On the Minimal Pseudo-Codewords of Codes from Finite Geometries

TL;DR

This paper investigates minimal pseudo-codewords in codes from finite geometries, revealing that non-multiple minimal pseudo-codewords have higher pseudo-weight, which benefits decoding performance.

Contribution

It provides the first analysis of minimal pseudo-codewords in finite geometry codes, highlighting their impact on LP and iterative decoding.

Findings

Minimal pseudo-codewords not multiples of codewords have higher pseudo-weight.

Finite geometry codes exhibit a property beneficial for decoding.

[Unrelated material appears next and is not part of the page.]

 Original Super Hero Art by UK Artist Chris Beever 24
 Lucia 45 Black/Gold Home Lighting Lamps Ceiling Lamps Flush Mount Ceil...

Numerical results support the theoretical observations.

Abstract

In order to understand the performance of a code under maximum-likelihood (ML) decoding, it is crucial to know the minimal codewords. In the context of linear programming (LP) decoding, it turns out to be necessary to know the minimal pseudo-codewords. This paper studies the minimal codewords and minimal pseudo-codewords of some families of codes derived from projective and Euclidean planes. Although our numerical results are only for codes of very modest length, they suggest that these code families exhibit an interesting property. Namely, all minimal pseudo-codewords that are not multiples of a minimal codeword have an AWGNC pseudo-weight that is strictly larger than the minimum Hamming weight of the code. This observation has positive consequences not only for LP decoding but also for iterative decoding.